Other liver diseases

CIRRHOSIS

It is a pathological description of the liver in which there is:

·         Diffuse hepatic fibrosis

·         Nodular regeneration

·         A disturbance of normal hepatic architecture.

It is end result of all chronic liver disease that are usually, not always associated with recurrent episodes of necrosis, cell death and attempts by liver to regenerate. It consists of wide variety of complications:

Hepatic encephalopathy: 

This occurs in patients with advanced cirrhosis which is precipitated by sedative and large protein intake. Here blood ammonia is raised which can cross BBB and can cause encephalopathy. But his also occurs in urea cycle enzyme defect.

Ascites:

Excess accumulation of extracellular fluid in peritoneal cavity is another complication of cirrhosis. This occurs due to portal hypertension, sodium and water retention. Increased resistance to portal flow and increased hydrostatic pressure within sinusoids favour transudation of tissue fluid into peritoneal cavity. Sodium and water retention from kidney is another cause of ascites, due to increased aldosterone secretion or increase tubular sensitivity to low level of aldosterone. Hypoalbuminemia also lead to ascites as there is loss of plasma oncotic pressure.

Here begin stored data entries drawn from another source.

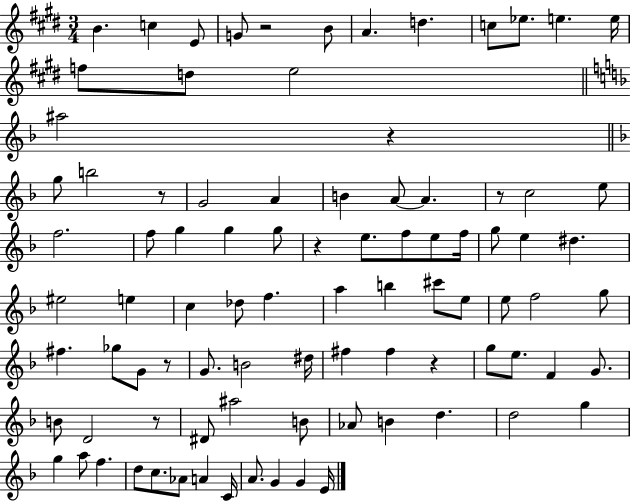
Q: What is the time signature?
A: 3/4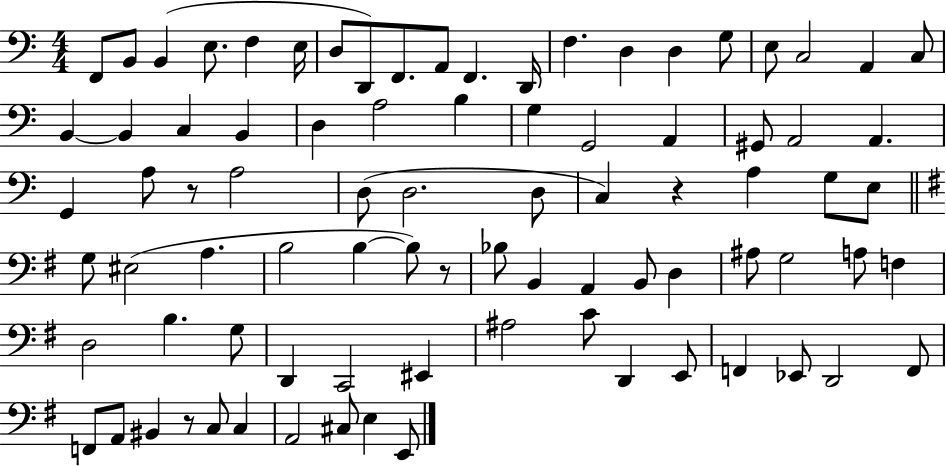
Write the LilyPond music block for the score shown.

{
  \clef bass
  \numericTimeSignature
  \time 4/4
  \key c \major
  f,8 b,8 b,4( e8. f4 e16 | d8 d,8) f,8. a,8 f,4. d,16 | f4. d4 d4 g8 | e8 c2 a,4 c8 | \break b,4~~ b,4 c4 b,4 | d4 a2 b4 | g4 g,2 a,4 | gis,8 a,2 a,4. | \break g,4 a8 r8 a2 | d8( d2. d8 | c4) r4 a4 g8 e8 | \bar "||" \break \key e \minor g8 eis2( a4. | b2 b4~~ b8) r8 | bes8 b,4 a,4 b,8 d4 | ais8 g2 a8 f4 | \break d2 b4. g8 | d,4 c,2 eis,4 | ais2 c'8 d,4 e,8 | f,4 ees,8 d,2 f,8 | \break f,8 a,8 bis,4 r8 c8 c4 | a,2 cis8 e4 e,8 | \bar "|."
}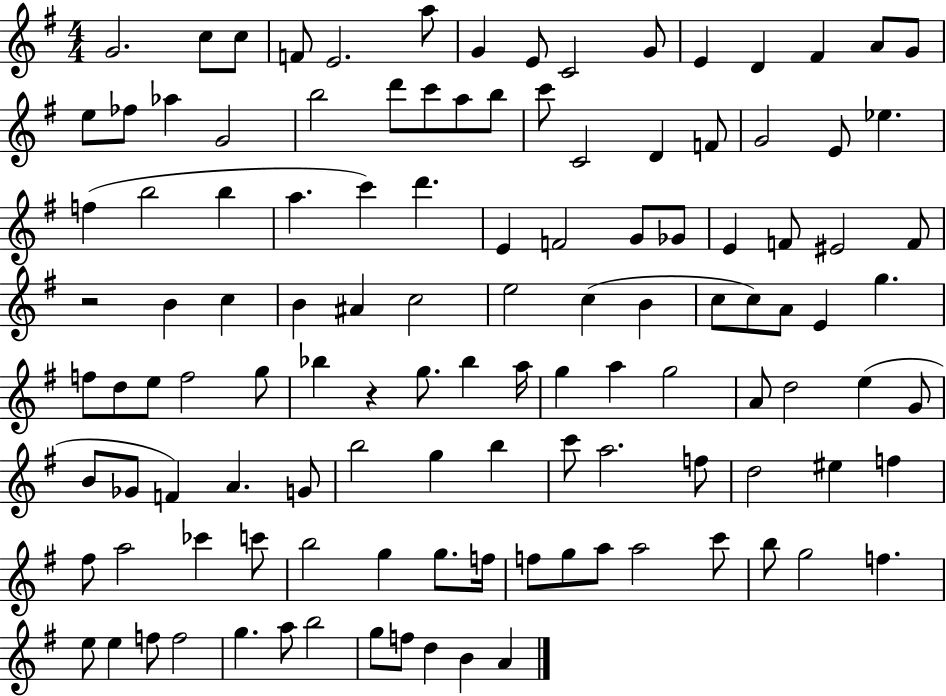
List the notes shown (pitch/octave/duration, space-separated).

G4/h. C5/e C5/e F4/e E4/h. A5/e G4/q E4/e C4/h G4/e E4/q D4/q F#4/q A4/e G4/e E5/e FES5/e Ab5/q G4/h B5/h D6/e C6/e A5/e B5/e C6/e C4/h D4/q F4/e G4/h E4/e Eb5/q. F5/q B5/h B5/q A5/q. C6/q D6/q. E4/q F4/h G4/e Gb4/e E4/q F4/e EIS4/h F4/e R/h B4/q C5/q B4/q A#4/q C5/h E5/h C5/q B4/q C5/e C5/e A4/e E4/q G5/q. F5/e D5/e E5/e F5/h G5/e Bb5/q R/q G5/e. Bb5/q A5/s G5/q A5/q G5/h A4/e D5/h E5/q G4/e B4/e Gb4/e F4/q A4/q. G4/e B5/h G5/q B5/q C6/e A5/h. F5/e D5/h EIS5/q F5/q F#5/e A5/h CES6/q C6/e B5/h G5/q G5/e. F5/s F5/e G5/e A5/e A5/h C6/e B5/e G5/h F5/q. E5/e E5/q F5/e F5/h G5/q. A5/e B5/h G5/e F5/e D5/q B4/q A4/q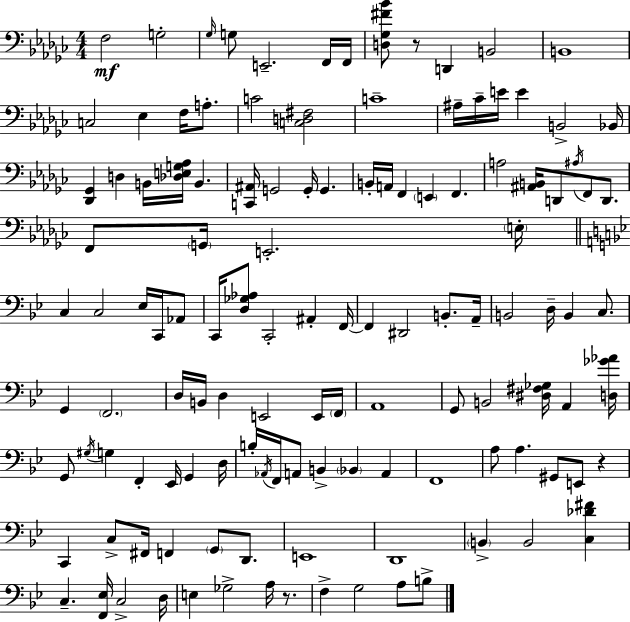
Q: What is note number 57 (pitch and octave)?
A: D3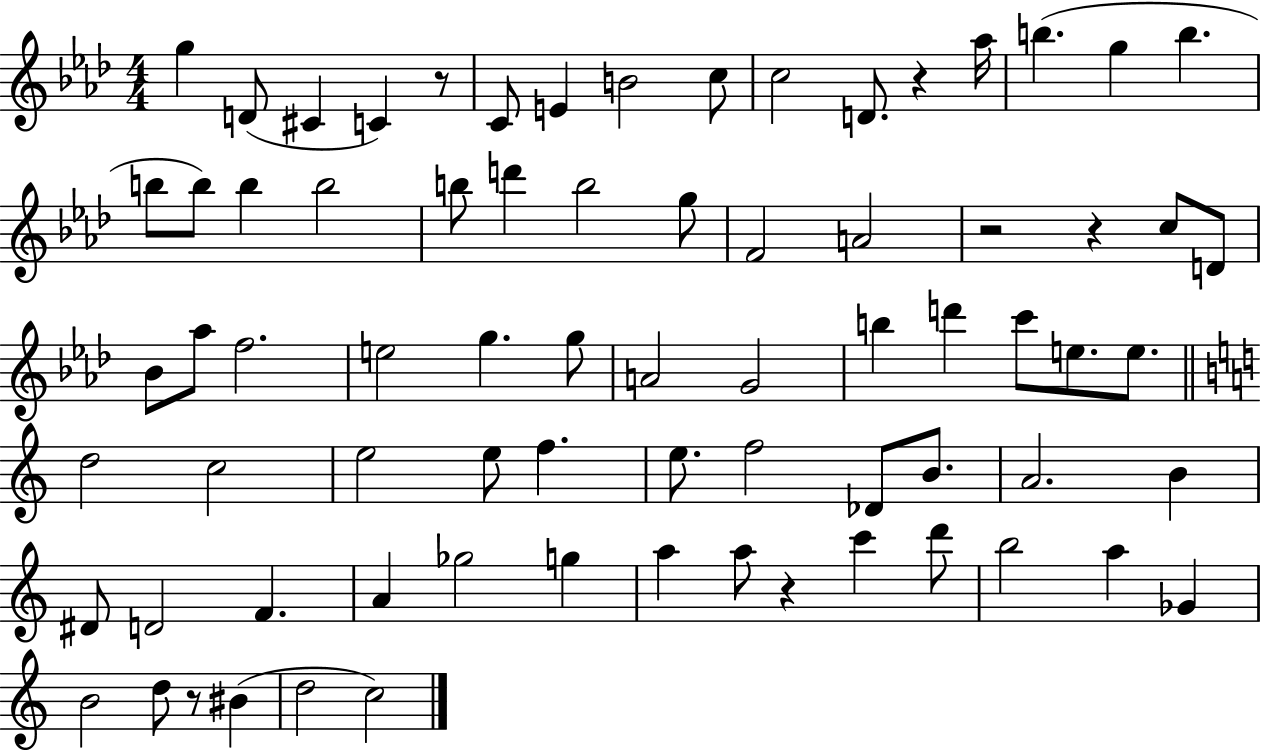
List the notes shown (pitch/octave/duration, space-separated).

G5/q D4/e C#4/q C4/q R/e C4/e E4/q B4/h C5/e C5/h D4/e. R/q Ab5/s B5/q. G5/q B5/q. B5/e B5/e B5/q B5/h B5/e D6/q B5/h G5/e F4/h A4/h R/h R/q C5/e D4/e Bb4/e Ab5/e F5/h. E5/h G5/q. G5/e A4/h G4/h B5/q D6/q C6/e E5/e. E5/e. D5/h C5/h E5/h E5/e F5/q. E5/e. F5/h Db4/e B4/e. A4/h. B4/q D#4/e D4/h F4/q. A4/q Gb5/h G5/q A5/q A5/e R/q C6/q D6/e B5/h A5/q Gb4/q B4/h D5/e R/e BIS4/q D5/h C5/h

The standard LFT are normal in ascites. There is low urea level in blood since hepatic ureagenesis is impaired during cirrhosis.

Measurement of plasma ascetic albumin gradient, ascetic LDH or ascetic cholesterol concentration, ADA in different conditions like cirrhotic ascites and malignant ascites and other conditions.  

Renal failure: 

The onset of renal failure is indicated by rising plasma concentrations of creatinine and urea and usually, but not always reduced GFR <30 ml/min. There is hyperkalaemia which can precipitate encephalopathy during liver disease. The major clinical problem is an idiopathic form of renal failure known as hepatorenal syndrome and associated with advanced liver disease, ascites and encephalopathy.

Hepatorenal failure: 

The condition is known as functional renal failure (FRF). There is disturbance in function but not structure in kidney. This occurs due to vascular abnormalities in cirrhosis which leads to renal vasoconstriction resulting in decreased renal blood flow and reduced GFR.

Relation between liver disease and renal disease.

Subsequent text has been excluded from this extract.